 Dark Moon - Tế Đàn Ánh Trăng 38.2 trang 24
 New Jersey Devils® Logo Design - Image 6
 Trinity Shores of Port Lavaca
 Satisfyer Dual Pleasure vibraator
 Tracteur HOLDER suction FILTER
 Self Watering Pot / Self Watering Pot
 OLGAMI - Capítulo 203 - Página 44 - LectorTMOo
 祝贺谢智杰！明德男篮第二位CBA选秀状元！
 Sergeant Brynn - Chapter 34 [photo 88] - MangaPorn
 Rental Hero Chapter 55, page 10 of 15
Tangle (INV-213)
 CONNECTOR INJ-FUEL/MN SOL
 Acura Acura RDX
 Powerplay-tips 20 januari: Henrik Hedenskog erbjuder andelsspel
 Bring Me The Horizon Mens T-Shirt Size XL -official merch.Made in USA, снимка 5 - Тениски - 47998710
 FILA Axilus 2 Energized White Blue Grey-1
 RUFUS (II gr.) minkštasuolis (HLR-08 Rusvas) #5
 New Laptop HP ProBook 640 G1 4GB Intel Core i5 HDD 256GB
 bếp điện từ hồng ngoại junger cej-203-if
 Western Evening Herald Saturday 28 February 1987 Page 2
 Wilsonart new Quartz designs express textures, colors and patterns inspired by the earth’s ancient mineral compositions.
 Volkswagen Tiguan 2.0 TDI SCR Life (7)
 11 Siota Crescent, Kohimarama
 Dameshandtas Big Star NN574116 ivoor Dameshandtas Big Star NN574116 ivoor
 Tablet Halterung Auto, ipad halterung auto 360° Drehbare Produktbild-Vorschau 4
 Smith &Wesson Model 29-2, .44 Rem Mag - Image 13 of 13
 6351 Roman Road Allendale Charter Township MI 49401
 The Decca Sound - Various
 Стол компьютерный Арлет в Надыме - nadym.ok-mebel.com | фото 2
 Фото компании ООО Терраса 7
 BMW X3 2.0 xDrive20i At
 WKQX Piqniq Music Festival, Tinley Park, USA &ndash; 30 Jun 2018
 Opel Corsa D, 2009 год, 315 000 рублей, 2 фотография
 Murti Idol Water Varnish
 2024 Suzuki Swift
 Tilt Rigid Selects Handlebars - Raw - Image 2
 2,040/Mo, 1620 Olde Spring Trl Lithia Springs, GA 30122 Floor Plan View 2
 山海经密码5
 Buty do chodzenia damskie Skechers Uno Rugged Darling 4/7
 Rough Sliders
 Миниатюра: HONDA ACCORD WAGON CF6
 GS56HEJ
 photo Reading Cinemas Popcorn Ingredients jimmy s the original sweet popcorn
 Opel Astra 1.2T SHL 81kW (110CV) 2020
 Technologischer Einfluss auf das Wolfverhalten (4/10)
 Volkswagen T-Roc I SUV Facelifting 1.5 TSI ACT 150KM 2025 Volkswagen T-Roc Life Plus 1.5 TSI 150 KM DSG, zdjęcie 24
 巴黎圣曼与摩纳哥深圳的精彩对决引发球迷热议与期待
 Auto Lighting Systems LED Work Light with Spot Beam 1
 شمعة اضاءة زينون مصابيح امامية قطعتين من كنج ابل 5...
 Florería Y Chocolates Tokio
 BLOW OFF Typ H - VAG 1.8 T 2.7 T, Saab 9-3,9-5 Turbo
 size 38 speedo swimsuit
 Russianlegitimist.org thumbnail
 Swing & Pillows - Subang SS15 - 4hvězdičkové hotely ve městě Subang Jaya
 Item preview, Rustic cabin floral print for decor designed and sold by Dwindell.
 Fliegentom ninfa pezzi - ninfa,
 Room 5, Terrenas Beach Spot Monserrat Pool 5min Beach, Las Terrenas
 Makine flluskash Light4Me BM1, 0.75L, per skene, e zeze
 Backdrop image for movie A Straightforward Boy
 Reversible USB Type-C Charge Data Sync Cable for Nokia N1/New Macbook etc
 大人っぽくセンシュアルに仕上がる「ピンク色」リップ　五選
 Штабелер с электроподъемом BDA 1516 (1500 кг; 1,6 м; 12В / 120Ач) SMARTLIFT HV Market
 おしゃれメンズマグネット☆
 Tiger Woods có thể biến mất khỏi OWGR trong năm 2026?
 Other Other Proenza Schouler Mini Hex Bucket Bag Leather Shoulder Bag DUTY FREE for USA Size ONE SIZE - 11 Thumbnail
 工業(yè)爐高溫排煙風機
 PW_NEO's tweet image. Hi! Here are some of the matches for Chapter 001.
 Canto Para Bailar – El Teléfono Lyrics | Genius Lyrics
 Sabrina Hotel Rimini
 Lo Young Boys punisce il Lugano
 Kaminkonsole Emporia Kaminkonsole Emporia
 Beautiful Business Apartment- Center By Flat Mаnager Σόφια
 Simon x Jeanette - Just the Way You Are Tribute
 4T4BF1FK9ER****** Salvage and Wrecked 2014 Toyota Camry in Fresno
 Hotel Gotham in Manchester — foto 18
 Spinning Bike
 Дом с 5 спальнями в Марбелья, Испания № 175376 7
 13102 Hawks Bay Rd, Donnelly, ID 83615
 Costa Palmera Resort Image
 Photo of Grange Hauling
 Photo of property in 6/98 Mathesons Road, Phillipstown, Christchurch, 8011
****
Exercise aim: Please count the lines of the material above that contain "Spot", and give only the number.

Expected answer: 2